Howdy! I'm Professor Curtis of Aspire Mountain Academy here with more statistics homework help. Today we're going to learn how to use StatCrunch to perform hypothesis testing on two proportions of referee calls. Here's our problem statement: Since an instant replay system for tennis was introduced at a major tournament, men challenged 1429 referee calls with the result that 417 of the calls were overturned. Women challenged 747 referee calls, and 230 of the calls were overturned. Use a 1% significance level to test the claim that men and women have equal success in challenging calls. Complete Parts A through C below.
OK, Part A says, “Test the claim using a hypothesis test,” and the first part asks us to determine the null and alternative hypotheses. To do this, we need to consider the claim that's being made. From the problem statement, the claim is that men and women have equal success in challenging calls. That means that the proportion of men who challenge calls and get them overturned is the same as for the women. So normally we would adopt that claim as our alternative hypothesis. However, equality by definition belongs with the null hypothesis. So the null hypothesis has to say that the two proportions are equal.
Well, we can't then use the claim for our alternative hypothesis because that is the null hypothesis. So that means we have to take the compliment of the claim. The complement of being equal to is being not equal to, and so we're looking for the option where the null hypothesis has the two proportions equal and the alternative hypothesis has the two proportions not equal. And that's going to be answer option A. I check my answer. Nice work!
Now we’re asked to identify the test statistic. And to do that, I'm going to pull up StatCrunch because it's easiest to get this information by using statistical software like StatCrunch. Inside StatCrunch, I go to Stat –> Proportion Stats (because I'm dealing with proportions) –> Two Sample (because I'm comparing two different samples: one for men and one for women) –> With Summary (because I don't have actual data, just summary statistics).
In the options window, there are fields to put in summary statistics for both of the samples. Ideally, it doesn't really matter which one you label Sample 1 and Sample 2 because in theory as long as you're consistent everything should work out. However, my experience in working these homework problems from Pearson teaches me that it's often best practice to use Sample 1 for whatever of our samples is mentioned first. So here in the problem statement, the men are mentioned first. And so we're going to make that Sample 1.

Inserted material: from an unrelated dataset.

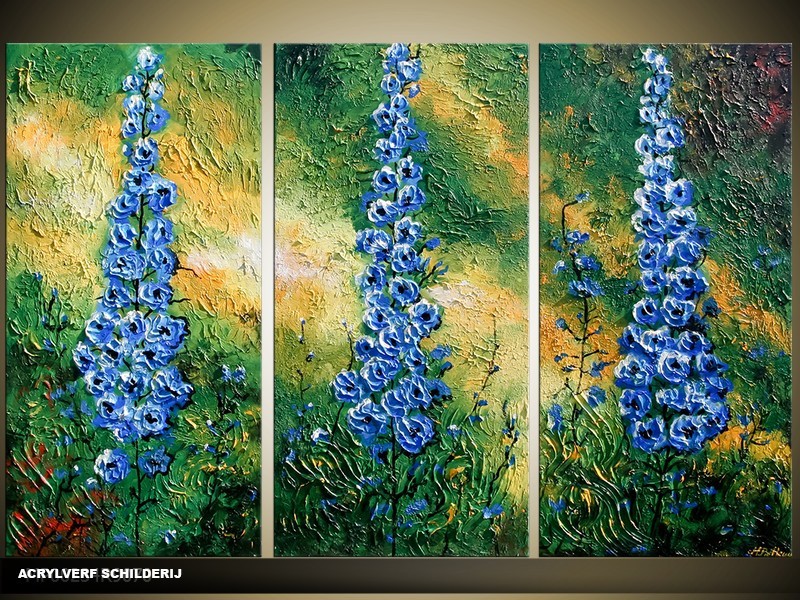 Acryl Schilderij Natuur | Blauw, Groen, Geel | 120x80cm 3Luik Handgeschilderd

So the number of successes here would be the number of calls that is overturned; that’s 417. The total number of observations — that's the sample size. And I'm going to put in the same information for the women. My radio button for Hypothesis Test is already selected. Notice we're doing a test on the difference. So whereas the hypotheses that were listed here in our answer fields from the first part of the problem — they're not listed as differences; it's just one is on one side of the equals or inequality sign and the other is on the other — here it's actually organized to where it's a difference, and that's OK.

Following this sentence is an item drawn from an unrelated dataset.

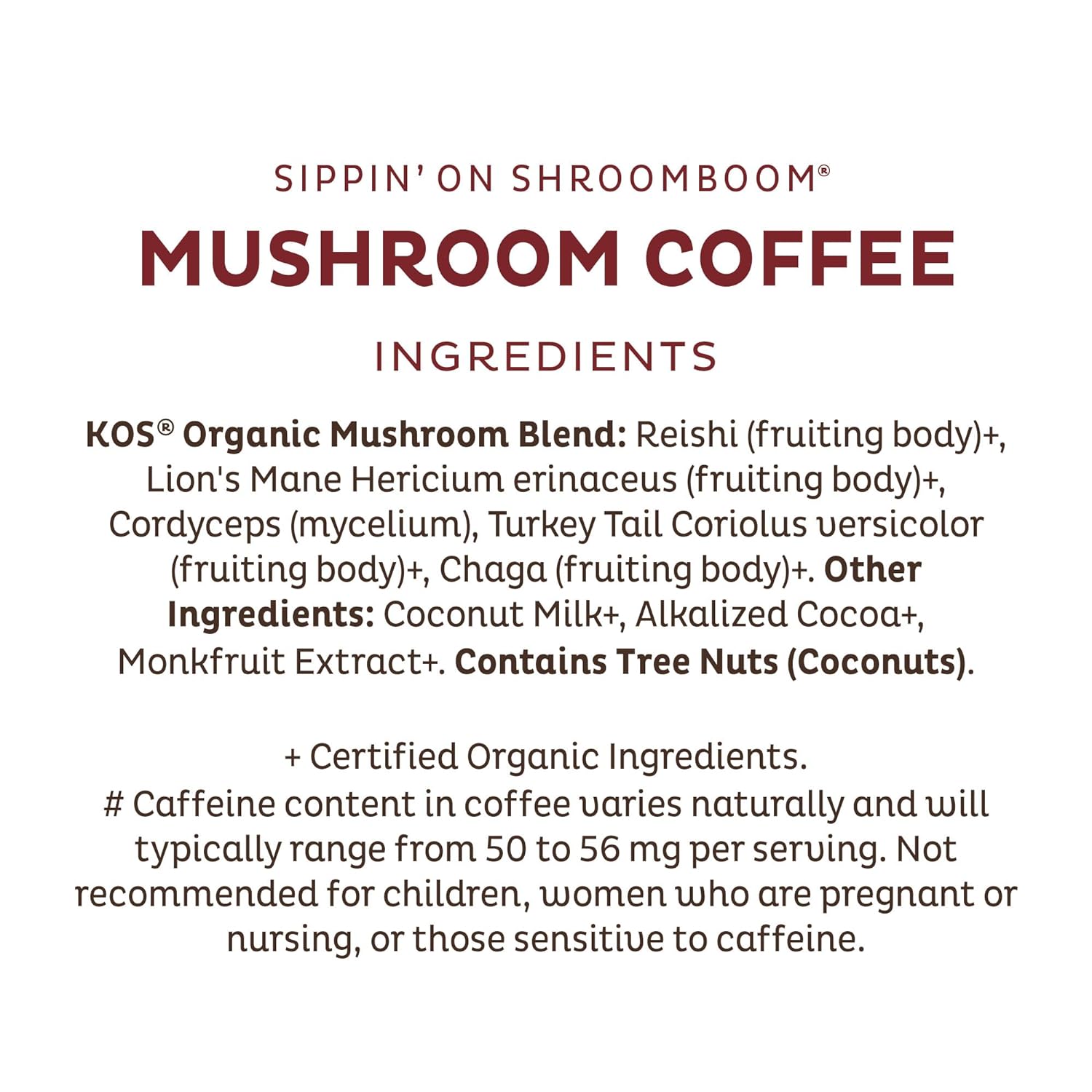 KOS Mushroom Coffee - Dark Chocolate Mocha Flavor - Organic Instant Coffee Mix with Reishi, Cordyceps, Lion's Mane, Chaga & Turkey Tail Mushrooms : Grocery & Gourmet Food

If the null hypothesis is that both of the proportions are equal, if I subtract p2 from each side (so I bring it over to the left and get this quantity here on the left side), I'm left with zero on the right. So I'm just gonna leave this first field alone. And then the inequality sign for my alternative hypothesis needs to match, and it does. I press Compute!, and out comes my results window. If I scroll over here to get the right side of this table, the next-to-last value in that table is always my test statistic. So I'm going to put that here in my answer field. Fantastic!
The P-value comes from that same table. It's the last value listed. Excellent!

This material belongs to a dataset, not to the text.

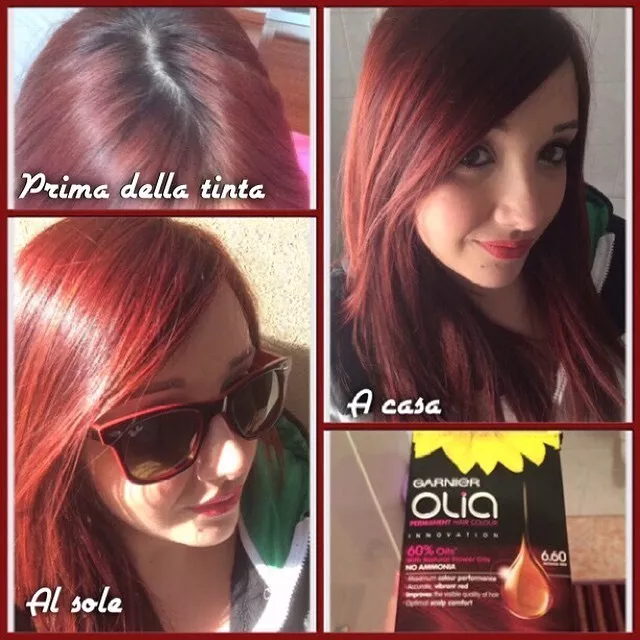 Colore per capelli 6.60 Rosso intenso con oli naturali di fiori Garnier Olia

Now we’re asked to evaluate the P-value with respect to the significance level. We're asked to use a 1% significance level. 43.6% is definitely greater than 1%, so the P-value is going to be greater than the significance level. That means the area of the P-value is larger than the area of the significance level, so we can't fit the P-value area inside the area for the significance level. So we're outside that critical region; therefore, we're outside the region of rejection, and we fail to reject the null hypothesis. Because we fail to reject the null hypothesis, there's not sufficient evidence. I check my answer. Well done!
Now Part B asks us to “test the claim by constructing an appropriate confidence interval.” Back here in StatCrunch, I could go back through all the menu options, or I could just go up here to the top left-hand corner of my results window and press the Options button. In the drop down menu that appears, I press Edit, and I'm back to my options window. I don't have to re-input all of these values that I put in earlier. All I have to do is come down here, select the radio button for Confidence Interval, make sure my confidence level matches, and I press Compute! Out comes my results window.
If I scroll over here to the right, I can see my upper and lower limits for my confidence interval. So I'm going to put those here my answer field. Excellent!
Now, what do we conclude from the confidence interval? Well, when you're evaluating confidence intervals on two samples, typically you're going to be looking to see whether or not zero is included in the confidence interval. Here in the confidence interval we've constructed, zero is inside the confidence interval. Because zero is inside the confidence interval, that means that the two proportions that we're comparing could be the same. If the difference between these two proportions is zero, that means they're equal to each other. If they're equal to each other, that means they’re the same.
So because the confidence interval limits include zero, there does not appear to be a significant difference. If they weren't equal, then there would be a significant difference, but zero is inside the confidence interval. Therefore, they could be the same. So then if they're the same, there's no significant difference between the two proportions, and therefore if we're going to ask about rejecting the claim that men and women have equal success, well, there's not sufficient evidence to warrant rejection of that claim because we actually have evidence that suggests they could be the same. I check my answer. Well done!
Now Part C asks, “Based on the results, does it appear that men and women have equal success in challenging calls?” Well, from what we concluded right here with our confidence interval, we concluded that they're probably the same. So that's what I'm going to select here. Nice work!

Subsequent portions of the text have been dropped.